Redação Portal Norte

Um pedido para garantir segurança jurídica na implementação dos auxílios financeiros destinados às vítimas do vírus Zika foi protocolado pela Advocacia-Geral da União (AGU) no Supremo Tribunal Federal (STF). 

Uma legislação recente estabelece uma indenização única de R$ 50 mil, além de pensão especial, mensal e vitalícia, equivalente ao maior benefício do Regime Geral de Previdência Social para pessoas com deficiência permanente causada por síndrome congênita associada à infecção por Zika. 

Na manifestação ao STF, a AGU solicita que, de forma excepcional, seja reconhecida a possibilidade jurídica da União conceder esses auxílios, principalmente em relação às regras orçamentárias e financeiras. 

O advogado-geral da União, Jorge Messias, disse que o pedido foi autorizado pelo presidente Lula (PT) para garantir condições legais necessárias ao pagamento integral a todos os beneficiários da lei. 

O documento foi direcionado ao ministro Flávio Dino, relator do mandado de segurança apresentado pela família de uma criança nessas condições. 

Em decisão provisória, o ministro determinou que o direito ao benefício deve ser assegurado mesmo se a Medida Provisória (MP) que o previa perder a vigência. 

A MP previa indenização em parcela única, mas perdeu validade por não ter sido apreciada sendo do prazo pelo Congresso Nacional. 

Entenda

Por questões relacionadas às regras constitucionais e de responbilidade, o governo editou a MP, após vetar um projeto de lei.

Entre os motivos para o veto:

  • Incompatibilidade dos auxílios com o plano plurianual;
  • Criação de benefício sem fonte de custeio;
  • Incompatibilidade com a Lei de Diretrizes Orçamentárias (LDO) de 2025.

Posteriormente, o Congresso derrubou o veto e transformou o projeto em lei, tornando válidos os auxílios financeiros às vítimas do vírus Zika.
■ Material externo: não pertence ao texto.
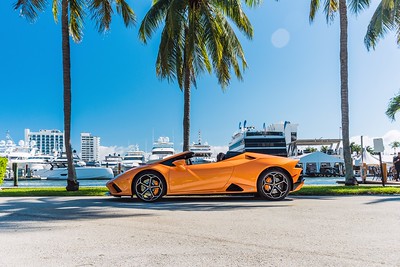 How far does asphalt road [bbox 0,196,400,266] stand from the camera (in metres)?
3.85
Por isso, a AGU argumenta que a concessão efetiva dos auxílios depende da superação dos obstáculos impostos pelas normas fiscais.

“A União, honrando seu compromisso constitucional para com os direitos das pessoas com deficiência, bem como em cumprimento à decisão liminar proferida em 16.05.2025, promoverá os meios necessários à concretização dos direitos insculpidos na Lei nº 15.156/2025. Todavia, a efetiva concessão dos auxílios financeiros previstos no diploma legal, conforme sedimentado na jurisprudência desse STF, exige a superação dos óbices impostos pelas normas de responsabilidade fiscal”, diz trecho da manifestação da AGU.